Infolge des wirksamen Widerrufs hat der Kläger deshalb gemäß § 355 Abs. 3 Satz 1 BGB Anspruch auf Erstattung des geleisteten Kaufpreises in Höhe von 66.170,00 €.

Da das Leistungsverweigerungsrecht der Beklagten gemäß § 357 Abs. 4 BGB mit dem Nachweis der Versendung am 30.9.2023 entfallen ist, befindet sich die Beklagte mit Ablauf der in § 357 Abs. 1 BGB bestimmten Frist von 14 Tagen seit 10.10.2023 in Verzug (vgl. BeckOK BGB/Müller-Christmann, 73. Ed. 1.2.2025, BGB § 357 Rn. 4, beck-online) und hat die Forderung gemäß § 288 Abs. 1 BGB zu verzinsen.

3.

Nicht begründet ist die Berufung allerdings hinsichtlich des Anspruchs auf Ausgleich vorgerichtlicher Kosten.

Gegenüber dem einzig in Betracht kommenden Anspruch wegen Schuldnerverzugs (§§ 280 Abs. 1 und 3, 286 BGB) wendet die Beklagte mit Erfolg ein, dass zum Zeitpunkt der Beauftragung der Anwälte des Klägers und damit zur Entstehung vorgerichtlicher Kosten nichts vorgetragen ist. Ein infolge des Verzugs eingetretener Schadens ist deshalb nicht schlüssig dargetan.

III.

Die Kostenentscheidung ergibt sich aus §§ 97 Abs. 1, 92 Abs. 2 Nr. 1 ZPO. Die Entscheidung über die vorläufige Vollstreckbarkeit beruht auf §§ 708 Nr. 10, 711 ZPO.

Bei der Festsetzung des Streitwerts war die Hilfsaufrechnung mit der bestrittenen und in Höhe von 31.470,00 € bezifferten Gegenforderung gemäß § 45 Abs. 3 GKG werterhöhend zu berücksichtigen.

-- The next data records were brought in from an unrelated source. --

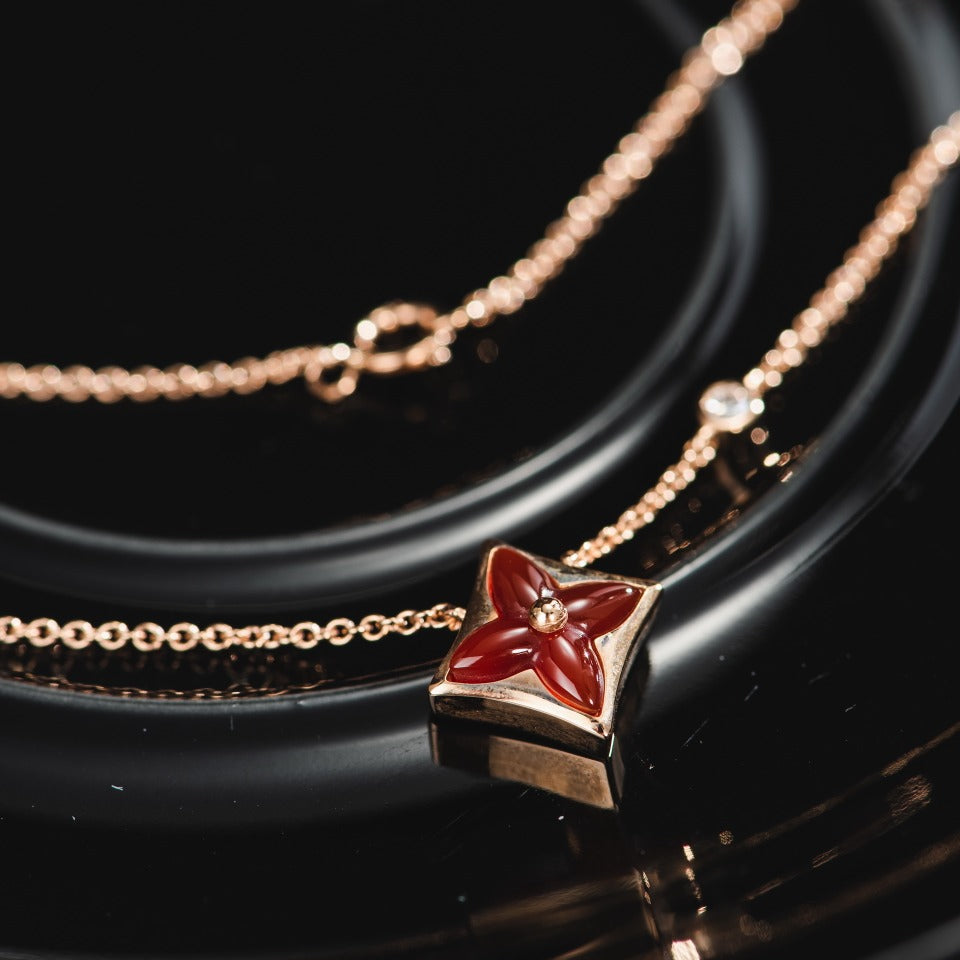 [Baslove]STAR NECKLACE PINK GOLD 1 DIAMOND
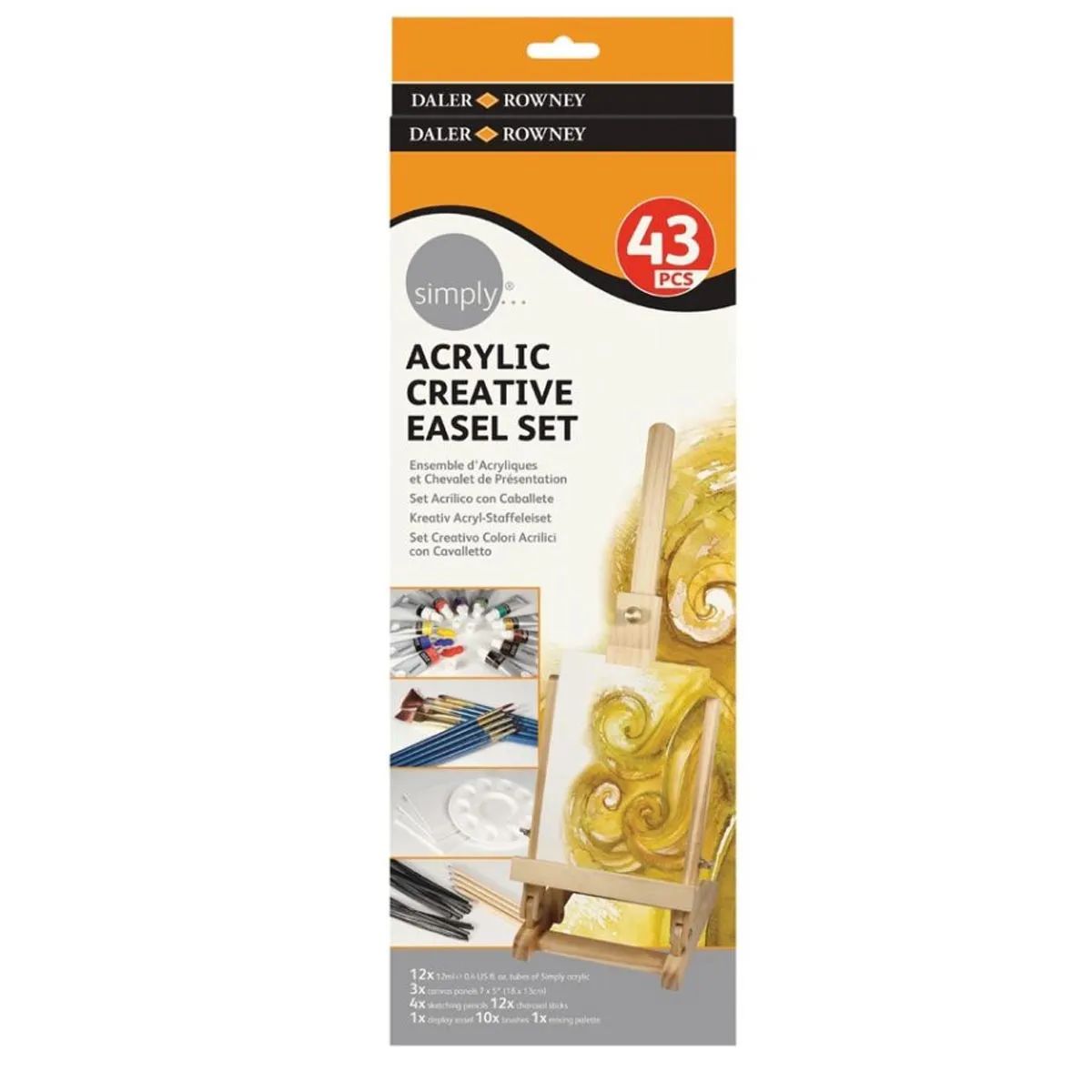 Estojo de Tinta Acrílica Daler & Rowney Simply com Mini Cavalete 43 Peças
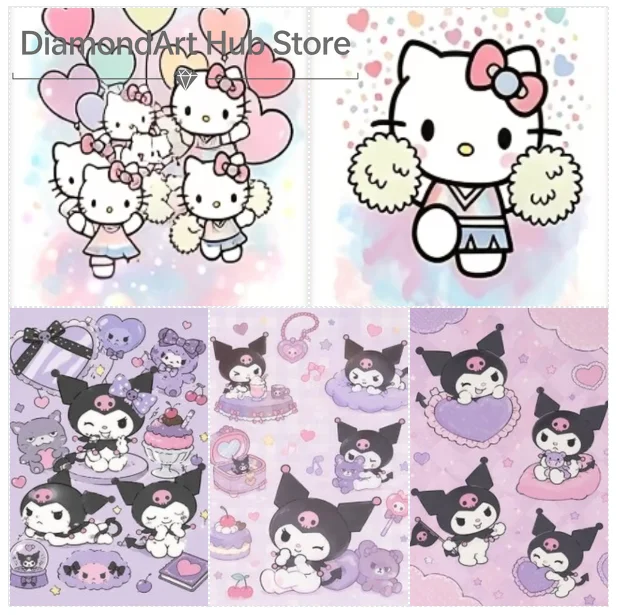 5D DIY Diamond Painting Cute Sanrio Cartoon Art, Hello Kitty Family Heart Balloons, Cheerleader Hello Kitty, Kuromi Friends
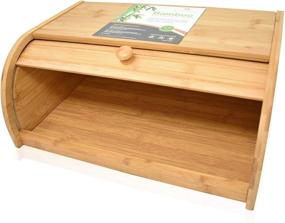 img 1 attached to Organic Bamboo Roll Top Bread Box - Premium Kitchen Food Storage Solution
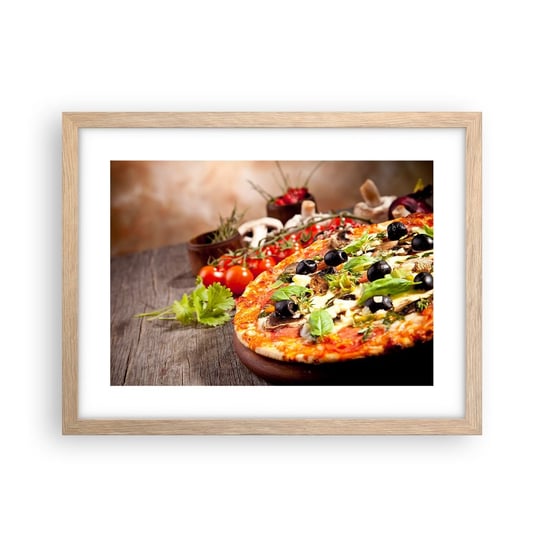 Obraz - Plakat - Z tellurycznych ingrediencji - 40x30cm - Gastronomia Pizza Włochy - Foto Plakaty na ścianę w ramie jasny dąb - Plakat do Salonu Sypialni ARTTOR ARTTOR
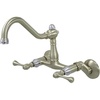 image:imageKingston Brass KS3221BL Vintage 6 Adjustable Center Wall Mount Kitchen Faucet Polished ChromeBrushed Brass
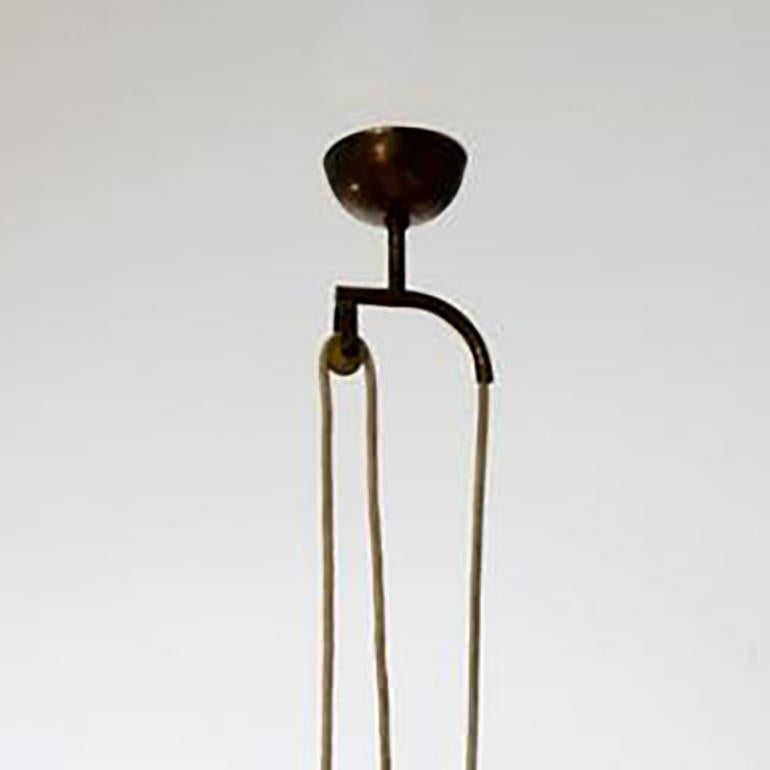 Italian Yellow Pendant Lamp in Enamel & Brass, Angelo Lelii, Italy, 1950's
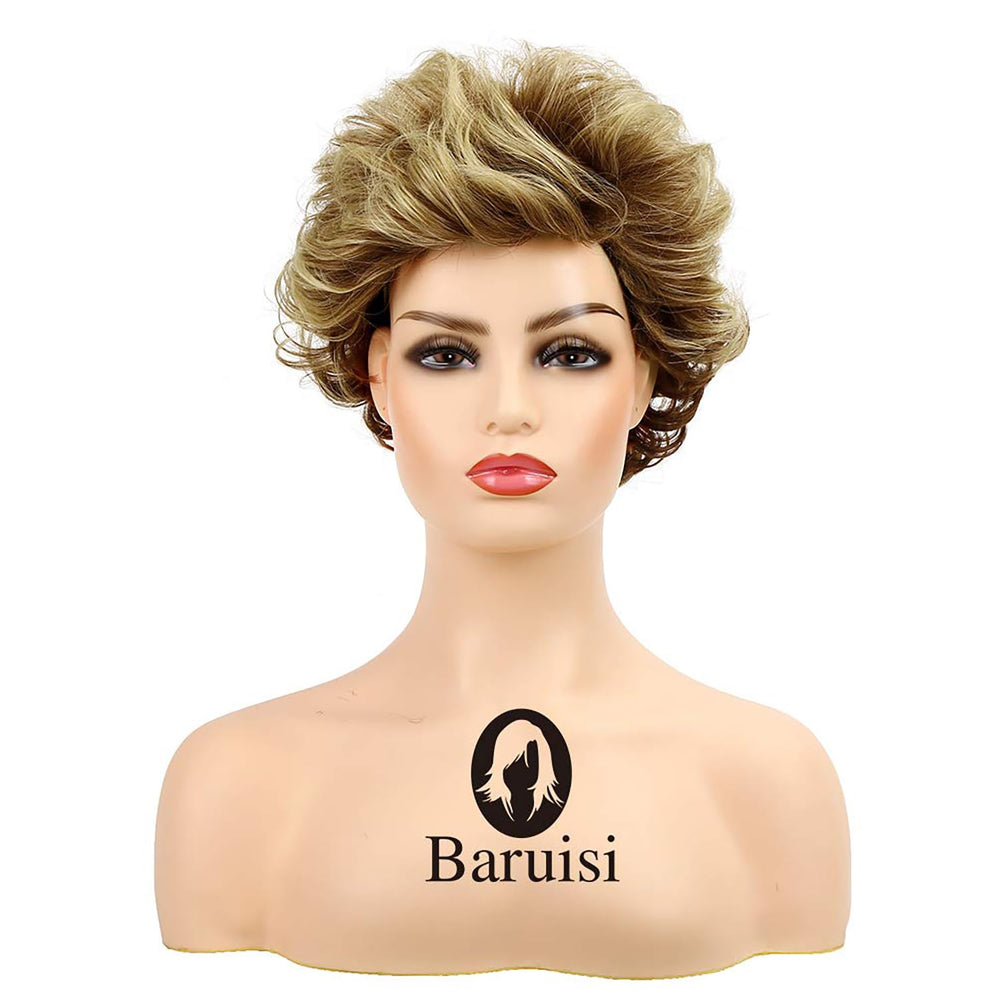 Baruisi short fluffy brown wig side view—easy everyday styling
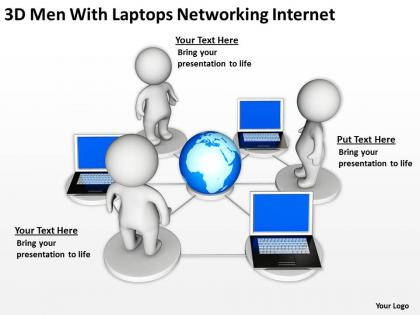 3d men with laptops networking internet ppt graphics icons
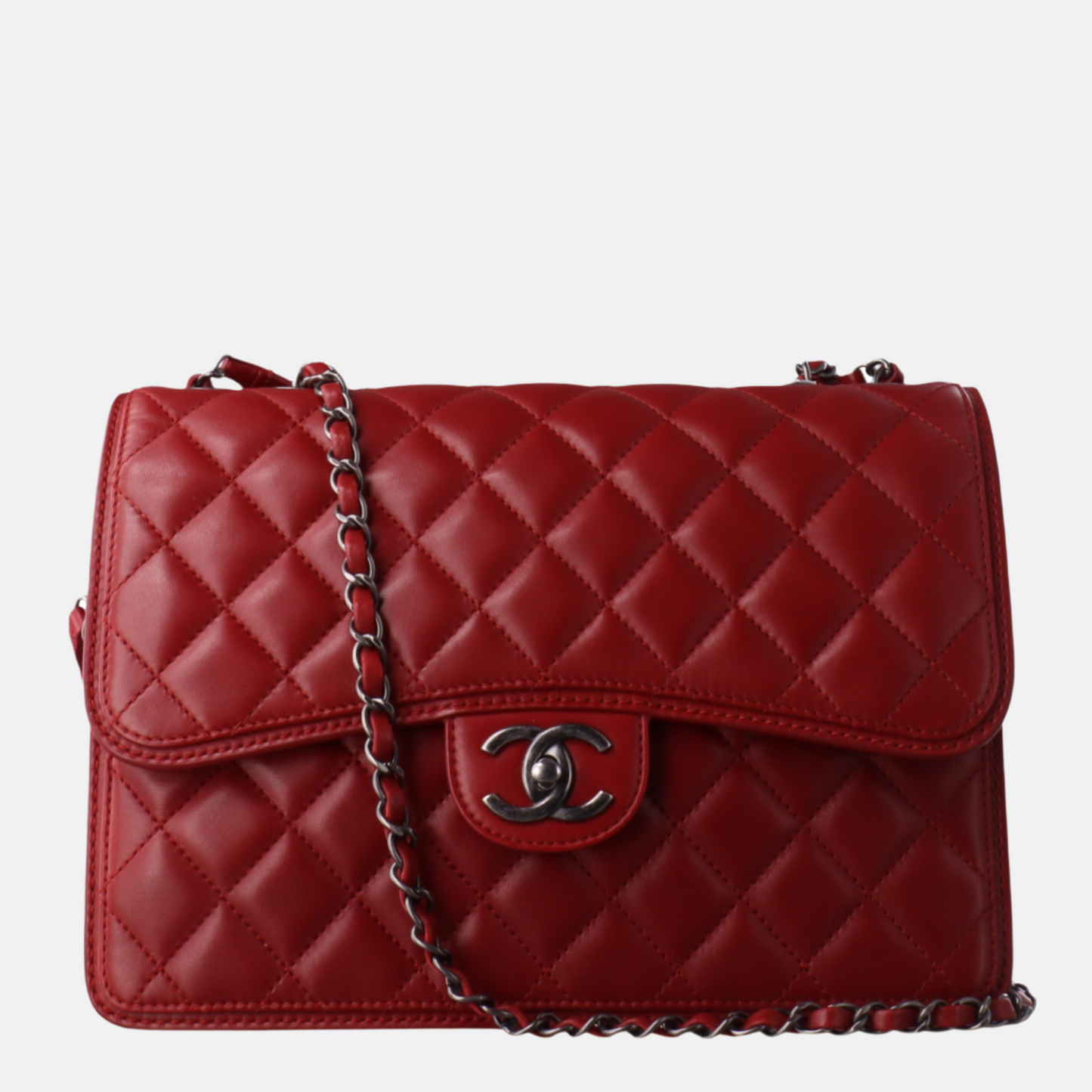 Chanel Classic Flap Jumbo Large Red Calfskin Leather, 2013-2014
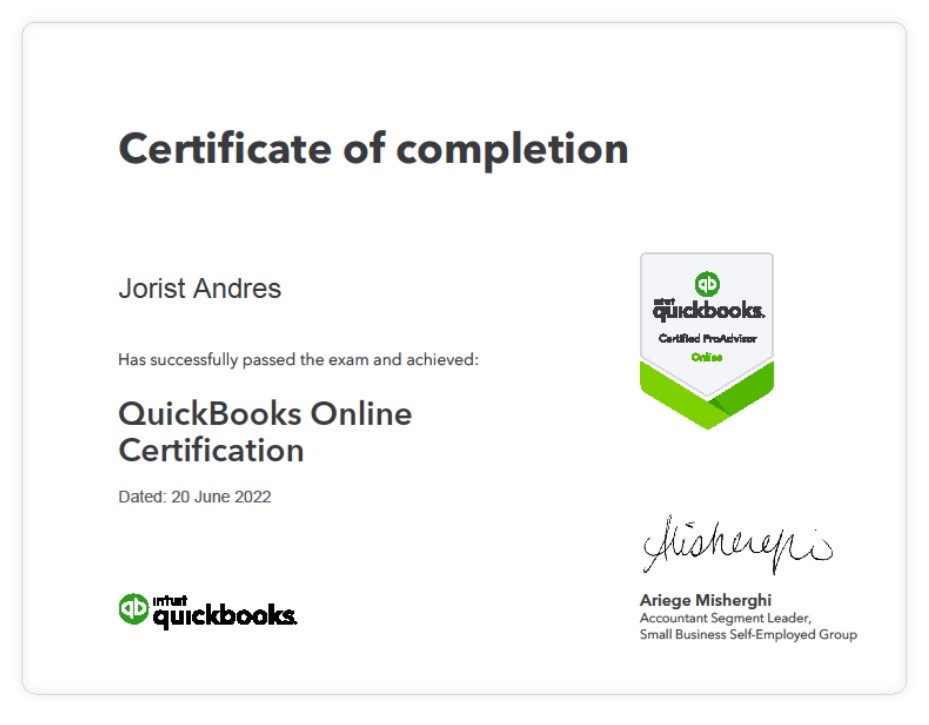 Quickbooks Certified ProAdvisor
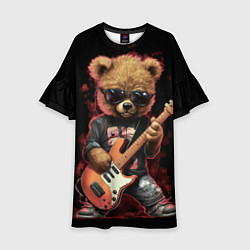 Платье клеш для девочки Плюшевый медведь музыкант с гитарой, цвет: 3D-принт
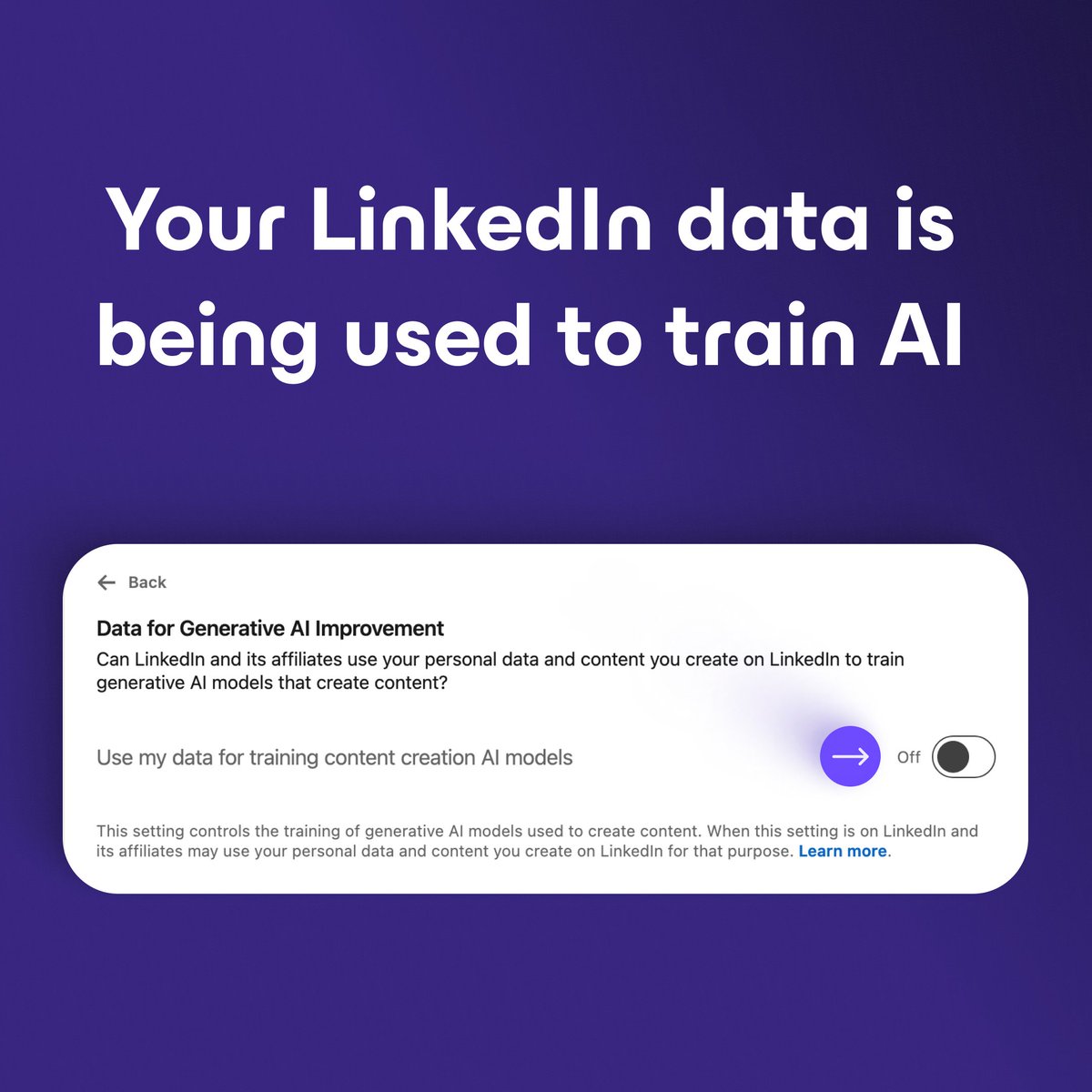 ProtonPrivacy's tweet photo. LinkedIn is using your data for AI training by default. Here's how to opt-out. 🚨 https://t.co/RfgQ79ojTg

Im Hinblick auf die andernfalls gebotene Vorlage nach Art. § 267 Abs. 3 AEU und auf die divergierende obergerichtliche Rechtsprechung (unter anderem OLG Celle, Beschluss vom 5.2.2025 – 7 U 76/24 –, juris; KG Berlin, Beschluss vom 12.12.2024 – 24 U 95/24 –, juris; OLG Schleswig, Urteil vom 18.11.2024 – 10 U 31/24 –, juris) ist die Revision gemäß § 543 Abs. 2 Satz 1 Nr. 1 und 2 ZPO wegen grundsätzlicher Bedeutung und zur Sicherung einer einheitlichen Rechtsprechung zuzulassen.